当前位置:首页 > 文章中心 > 正文内容

爱可可AI论文推介(10月30日)

dgx6667个月前 (05-20)文章中心25


LG - 机器学习 CV - 计算机视觉 CL - 计算与语言 AS - 音频与语音 RO - 机器人

(*表示值得重点关注)


1、[LG] *Algorithms for Causal Reasoning in Probability Trees

T Genewein, T McGrath, G Déletang, V Mikulik, M Martic, S Legg, P A. Ortega

[DeepMind]

概率树因果推理算法。提出了离散概率树中因果推理的具体算法,覆盖全部因果层次(关联、干预和反事实),并对任意命题和因果事件进行操作。该工作将因果推理的领域,扩展到非常通用的的离散随机过程。

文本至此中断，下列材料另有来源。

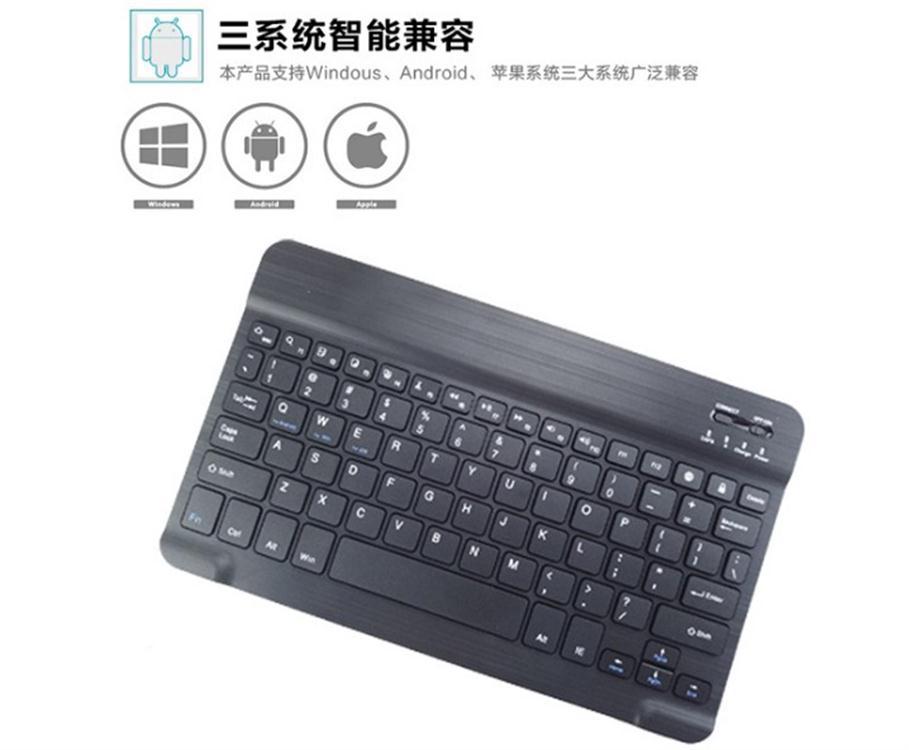 Clavier pour tablette - Ref 3422569 Image 4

Probability trees are one of the simplest models of causal generative processes. They possess clean semantics and -- unlike causal Bayesian networks -- they can represent context-specific causal dependencies, which are necessary for e.g. causal induction. Yet, they have received little attention from the AI and ML community. Here we present concrete algorithms for causal reasoning in discrete probability trees that cover the entire causal hierarchy (association, intervention, and counterfactuals), and operate on arbitrary propositional and causal events. Our work expands the domain of causal reasoning to a very general class of discrete stochastic processes.

https://weibo.com/1402400261/JrwuViYrR


2、[AS] *Attention is All You Need in Speech Separation

C Subakan, M Ravanelli, S Cornell, M Bronzi, J Zhong

[Mila-Quebec AI Institute & Universita Politecnica delle Marche & University of Rochester]

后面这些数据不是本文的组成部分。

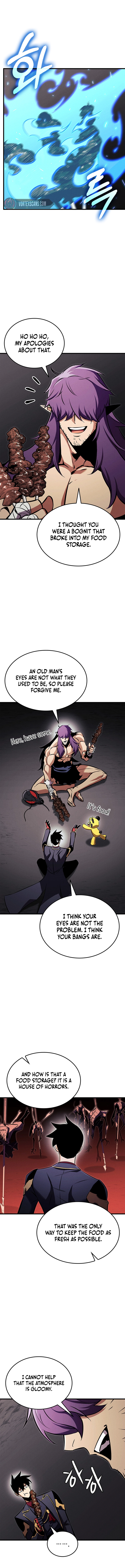 Ranker's Return Chapter 231 Page 6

基于Transformer的语音分离架构SepFormer。提出一种新的语音分离神经网络模型SepFormer(Separation Transformer),一个非RNN的网络架构,采用由Transformer组成的屏蔽网络,掩蔽网络通过多尺度方法学习短期和长期依赖关系。与最新的基于RNN的系统相比,SepFormer的速度快得多,对内存的要求也少得多。

Recurrent Neural Networks (RNNs) have long been the dominant architecture in sequence-to-sequence learning. RNNs, however, are inherently sequential models that do not allow parallelization of their computations. Transformers are emerging as a natural alternative to standard RNNs, replacing recurrent computations with a multi-head attention mechanism. In this paper, we propose the `SepFormer', a novel RNN-free Transformer-based neural network for speech separation. The SepFormer learns short and long-term dependencies with a multi-scale approach that employs transformers. The proposed model matches or overtakes the state-of-the-art (SOTA) performance on the standard WSJ0-2/3mix datasets. It indeed achieves an SI-SNRi of 20.2 dB on WSJ0-2mix matching the SOTA, and an SI-SNRi of 17.6 dB on WSJ0-3mix, a SOTA result. The SepFormer inherits the parallelization advantages of Transformers and achieves a competitive performance even when downsampling the encoded representation by a factor of 8. It is thus significantly faster and it is less memory-demanding than the latest RNN-based systems.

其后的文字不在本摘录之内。